Le competenze comunicative fin qui considerate richiedono al Dirigente l’esercizio delle capacità di ascolto, esposizione, assertività, empatia, disponibilità, collaborazione, certamente di persuasione, gestione dei conflitti e negoziazione.

Proprio la negoziazione risulta essere una delle azioni più efficaci nella comunicazione forse più problematica nella scuola, quella che si svolge nei Collegi dei Docenti o nel Consiglio di Istituto, ovvero gli organi istituzionali dove si scelgono e si condividono le strategie e le azioni per l’intera organizzazione.

La negoziazione efficace, come tecnica, si articola in passi progressivi, che da una situazione di incertezza portano ad una riduzione progressiva delle stessa incertezza fino alla decisione più condivisa possibile. Obiettivo della negoziazione (e obiettivo primario per il Dirigente sui suoi collaboratori), è così realizzare un processo di presa delle decisioni per una decisione congiunta tra soggetti che possono avere opinioni e motivazioni differenti su un problema che li accomuna.

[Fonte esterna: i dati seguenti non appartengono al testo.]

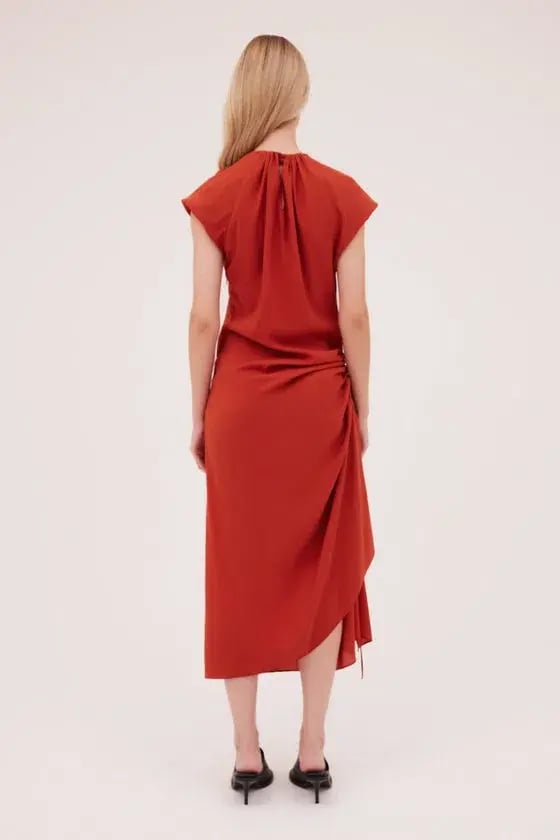 Bianca Spender Rust Satin Cosby Dress Size 10 photo 4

Responsabilità del Dirigente, unico leader formale di un contesto istituzionale, è gestire e favorire il processo attraverso una serie di fasi, che in sintesi possono essere cosi descritte:

  • preparazione della comunicazione estesa, uno a molti, con la definizione dell’agenda delle attività
  • identificazione delle cornici della possibile controversia tra i soggetti presenti (tra Insegnanti o tra ruoli professionali differenti)
  • definizione delle soglie limite non valicabili nel processo di presa delle decisioni
  • esplicitazione degli interessi e dei bisogni dell’organizzazione e delle persone
  • esclusione di ogni questione di principio e di arroccamenti personali
  • scissione dei problemi dalle persone e concentrazione sul problema
  • scissione delle persone dal problema e cura delle relazioni
  • gerarchizzazione dei problemi, per distinguere tra questioni principali e secondarie
  • definizione dell’accordo conclusivo e tutela della decisione condivisa

Per far questo, i comportamenti consigliati al Dirigente sono molteplici: prediligere nella discussione sotto obiettivi quantificabili e legati ad un tempo definito, piuttosto che discussioni ideologiche e valoriali; indagare con domande esplicite interessi e bisogni meno evidenziati, più inespressi, tra i partecipanti; evidenziare i motivi che generano il disaccordo, più che il disaccordo stesso; descrivere sentimenti ed impressioni per suscitare fiducia reciproca; verificare la comprensione di tutti con domande e ricapitolazioni; non lasciare niente in sospeso; valutare gli effetti di un accordo; infine confermare la propria attenzione alla valutazione successiva degli effetti dell’accordo e progettarne per linee la realizzazione con i presenti.